I currently have a rather nasty performance issue on my EMC based SAN. Here the configuration

23 ESX 4.1 servers running 4.1

Using Qlogic 2462 HBA at 4 gb

Using four EMC CX4/960 array running Flare code 30

All ESX clusters can access all four EMC arrays

We have four ESX clusters

Using MRU as our pathing policy

Using Qlogic SAN switches at 4 gb

When we run ESX top on any of the ESX servers, which are DL 380 G7 server, we see a DAVG time of between 120 ms to 200 ms. Vmware support says it should be 10 ms. Vmware support has also deemed this to be a EMC storage issue and is not providing much help to rectify the problem.

1.) I think we just have too many hbas\servers accessing the arrays --- Do other argee?

2.) It was suggested that we could reduce disk latency by implementing adaptive queue depth settings on each ESX server -- Do others agree?

3.) Have others encountered this issue with ESX clusters essentially overloaded the attached disk arrays?

Thanks for your help,

f10 · ‎09-10-2011

Hi,

DAVG vaue of 200+ is definately not good and before you make any changes its very important to understand what these values indicate. DAVG refers to the latency on the storage array, so you would have to fix this first. Check the Storage Processors, read/write cache, any failed disk in the raid group, errors on the switch etc.

I dont think that its an issue with the number of paths because since you are using MRU I woud presume that its an Active/Passive array so I/O wont be active on all the paths. The default queue length is 32 and before you modify this value its important that you study effects by running iometer tests etc.
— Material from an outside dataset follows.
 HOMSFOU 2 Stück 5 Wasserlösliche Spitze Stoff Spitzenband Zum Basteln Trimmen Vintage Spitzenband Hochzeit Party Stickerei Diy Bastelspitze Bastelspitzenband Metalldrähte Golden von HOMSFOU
Happy truoubleshooting and weekend

Regards,
Arun

If you found this or other information useful, please consider awarding points for "Correct" or "Helpful". Regards, Arun VCP3/4, HPCP, HP UX CSA http://kb.vmware.com/

Regards, Arun Pandey VCP 3,4,5 | VCAP-DCA | NCDA | HPUX-CSA | http://highoncloud.blogspot.in/ If you found this or other information useful, please consider awarding points for "Correct" or "Helpful".

mcowger · ‎09-10-2011

How many VMs are running - thats really the driving factor. How many IOPs? How many disks behind the raid groups?

Also, if you are runnign FLARE 30 you can probably do Failover Mode 4 and Active/Active pathing, which can help this as well.

--Matt VCDX #52 blog.cowger.us

broylesd27 · ‎09-10-2011

I'd agree with f10 here. Jump over to the array immediately and look for things to be concerned about. Start with the storage processors and look for clues. High utilization on one, but not the other. (Trespassed LUNs or imbalanced LUNs) High percent dirty pages that never drops. (Improper watermarks. Improper read/write cache ratio) Verify write cache is on at all. If the performance is only being experienced with certain datastore look at the statistics for the specific LUNs associated. 10ms is nice, but from personal experience anything getting put to work will be around 20-30ms.

Troubleshooting DAVG from the host side will usually be futile. Plus if all your hosts are having troubles then start with the most common components. Also with flare 30 you might consider using ALUA for your PSP.